▸ GOAL OF THE EXERCISE
Starting at the line below holding "Expert Advice on" and stopping at the line holding "TikTok video thumbnail by yuc_0204", print every line exactly, both ends included, and leave the rest out.

** GIVEN RECORDS follows **

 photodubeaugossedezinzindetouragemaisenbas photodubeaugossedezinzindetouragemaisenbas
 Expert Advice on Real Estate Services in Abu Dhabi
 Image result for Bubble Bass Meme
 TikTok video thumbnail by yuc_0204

** End of GIVEN RECORDS **
** GIVEN RECORDS follows **

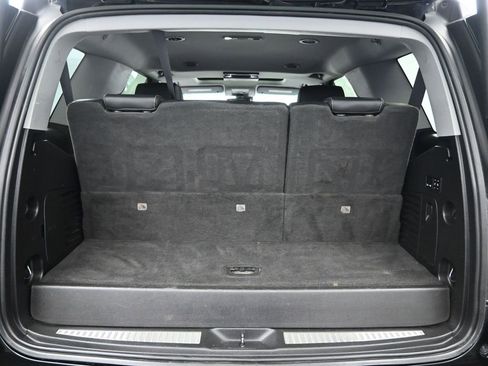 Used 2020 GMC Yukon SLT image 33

** End of GIVEN RECORDS **
** GIVEN RECORDS follows **

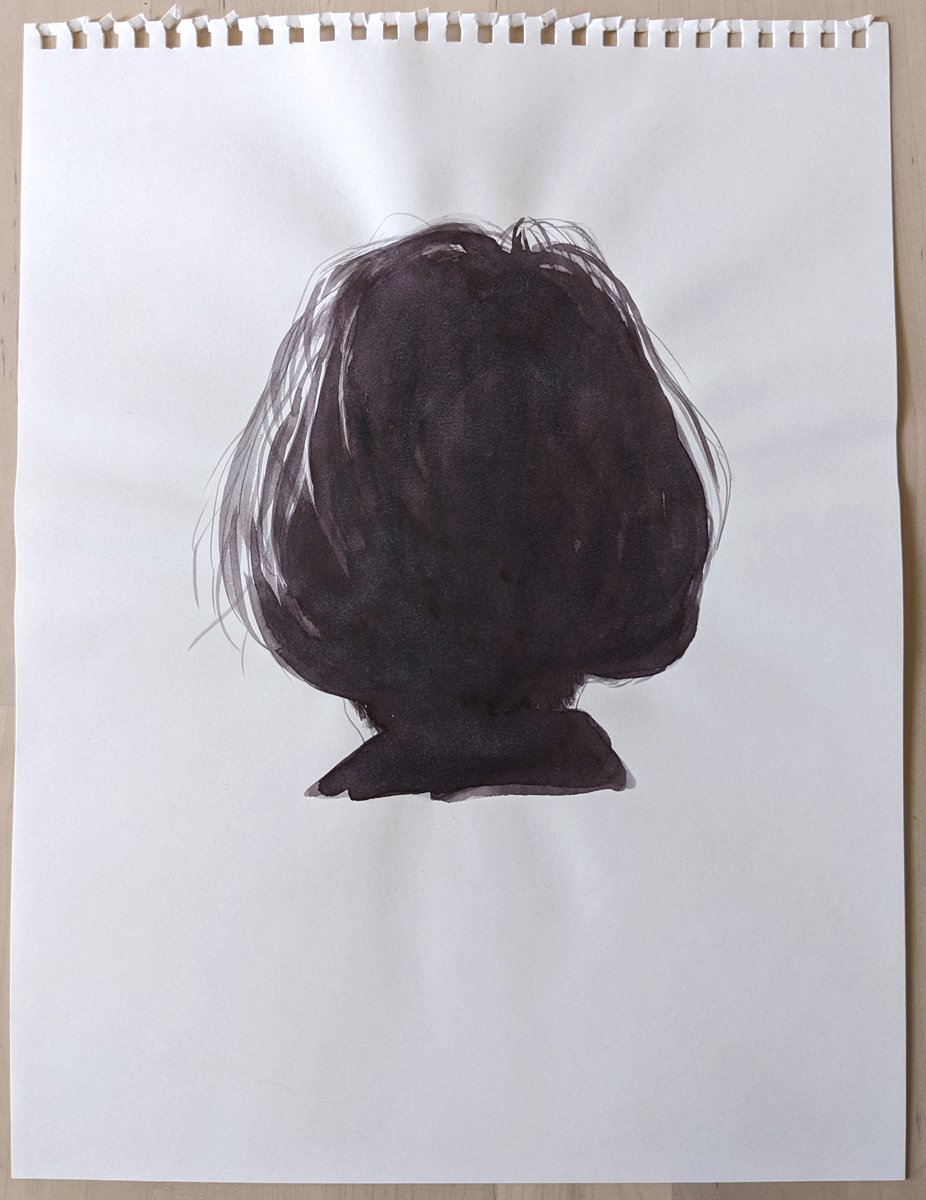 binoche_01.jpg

** End of GIVEN RECORDS **

▸ WRITTEN ANSWER
 Expert Advice on Real Estate Services in Abu Dhabi
 Image result for Bubble Bass Meme
 TikTok video thumbnail by yuc_0204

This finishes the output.